Exercise data »

*** Begin section ***

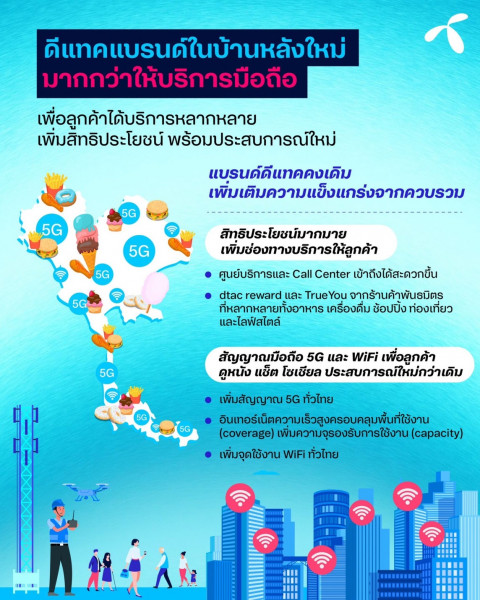 แบรนด์ดีแทคไม่ใช่แค่มือถืออีกต่อไป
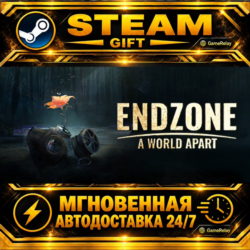 Endzone - A World Apart Standard Edition · STEAM GIFT · АВТОДОСТАВКА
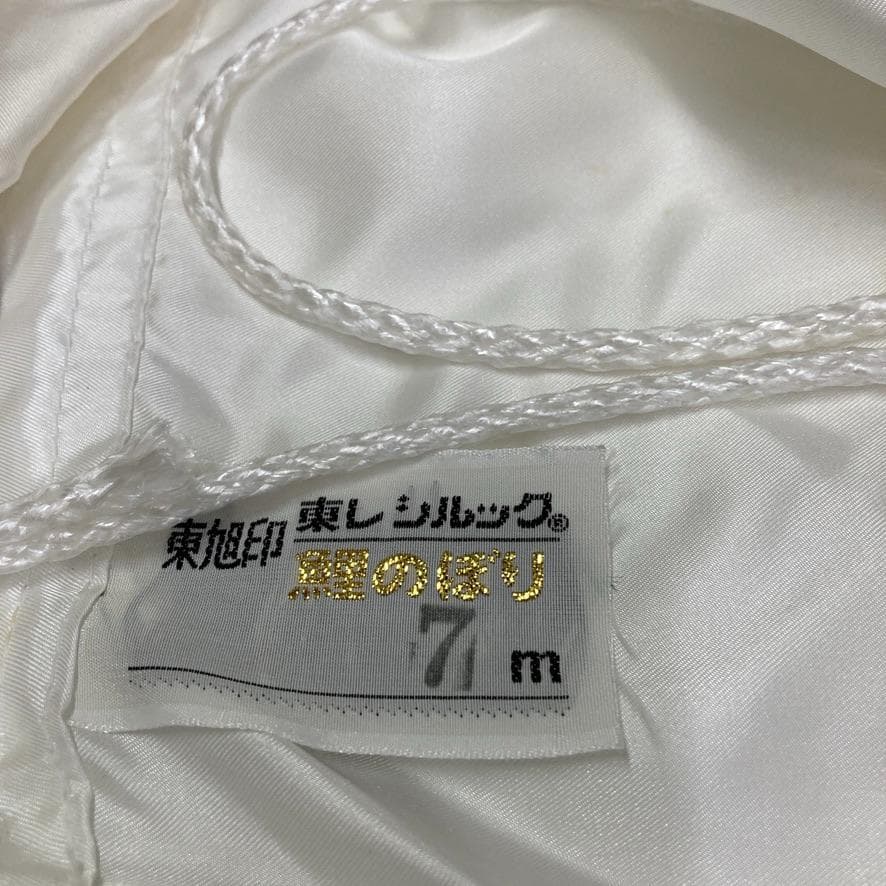 SKO109　鯉のぼり吹き流し単品7m 　吹き流し7m　東旭鯉7m単品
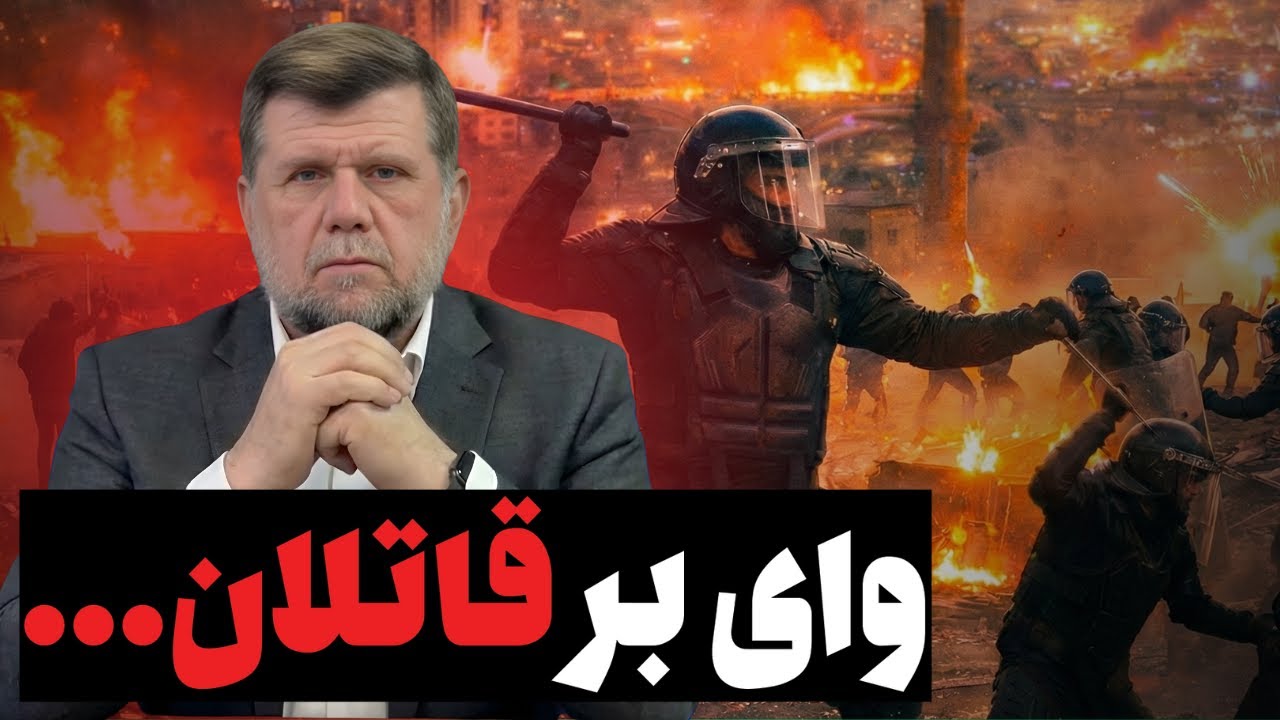 وای بر قاتلان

*** End section ***

Your goal »
Output the full listing verbatim, but drop the images.

Reply to the exercise »
 แบรนด์ดีแทคไม่ใช่แค่มือถืออีกต่อไป
 Endzone - A World Apart Standard Edition · STEAM GIFT · АВТОДОСТАВКА
 SKO109　鯉のぼり吹き流し単品7m 　吹き流し7m　東旭鯉7m単品
 وای بر قاتلان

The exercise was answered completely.